• Information given:
━━━━━━
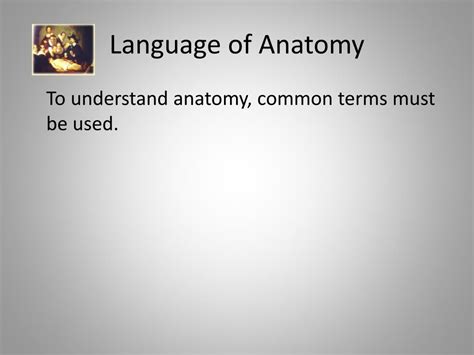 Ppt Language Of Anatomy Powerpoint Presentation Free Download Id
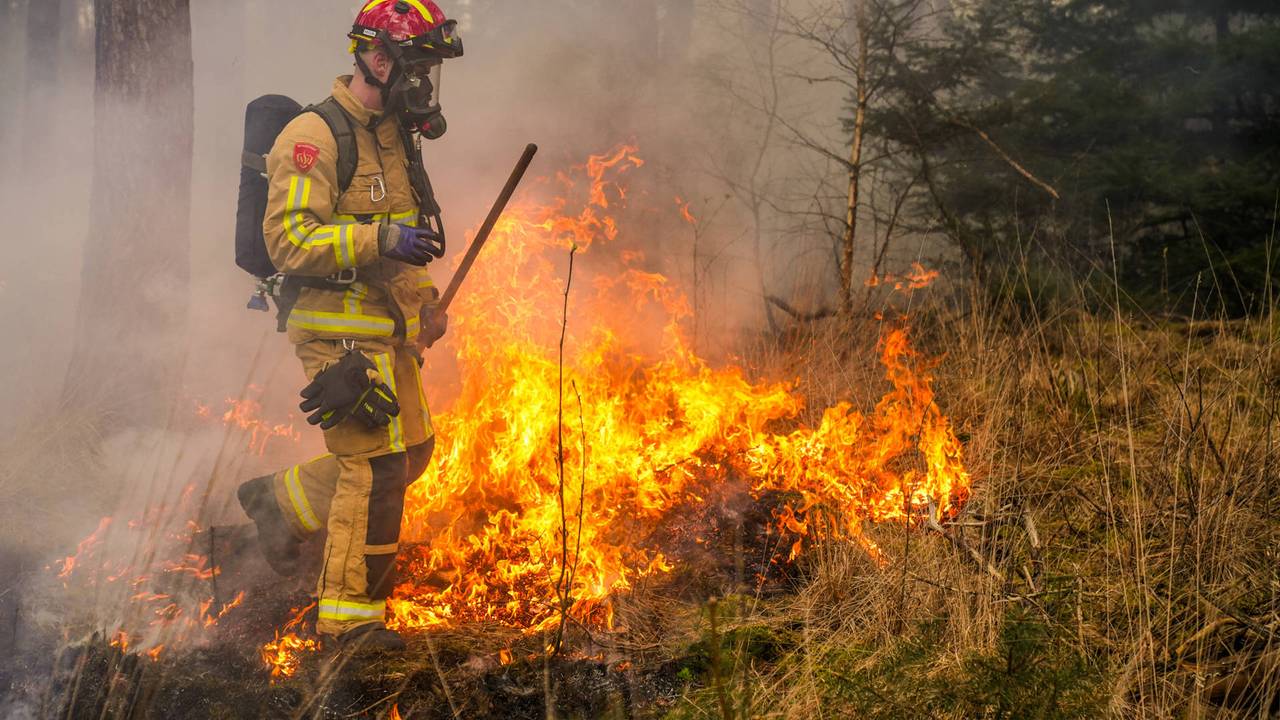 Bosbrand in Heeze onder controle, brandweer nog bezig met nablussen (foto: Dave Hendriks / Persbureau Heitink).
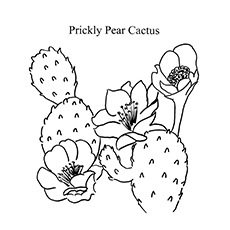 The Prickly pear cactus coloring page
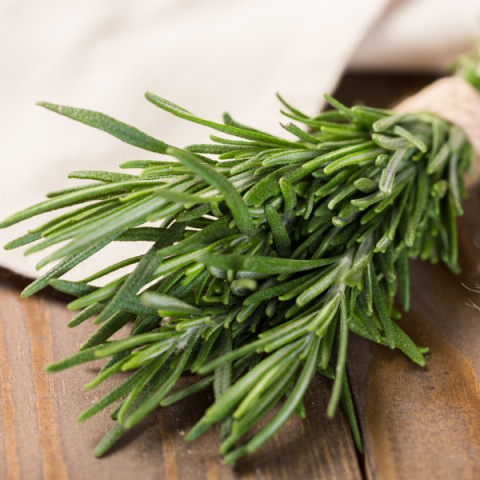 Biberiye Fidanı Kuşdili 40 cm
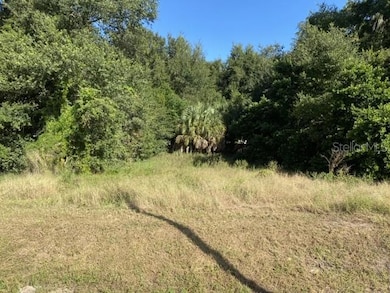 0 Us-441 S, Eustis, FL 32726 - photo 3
━━━━━━
Write the listing above out again exactly, but not the images it holds.

 Ppt Language Of Anatomy Powerpoint Presentation Free Download Id
 Bosbrand in Heeze onder controle, brandweer nog bezig met nablussen (foto: Dave Hendriks / Persbureau Heitink).
 The Prickly pear cactus coloring page
 Biberiye Fidanı Kuşdili 40 cm
 0 Us-441 S, Eustis, FL 32726 - photo 3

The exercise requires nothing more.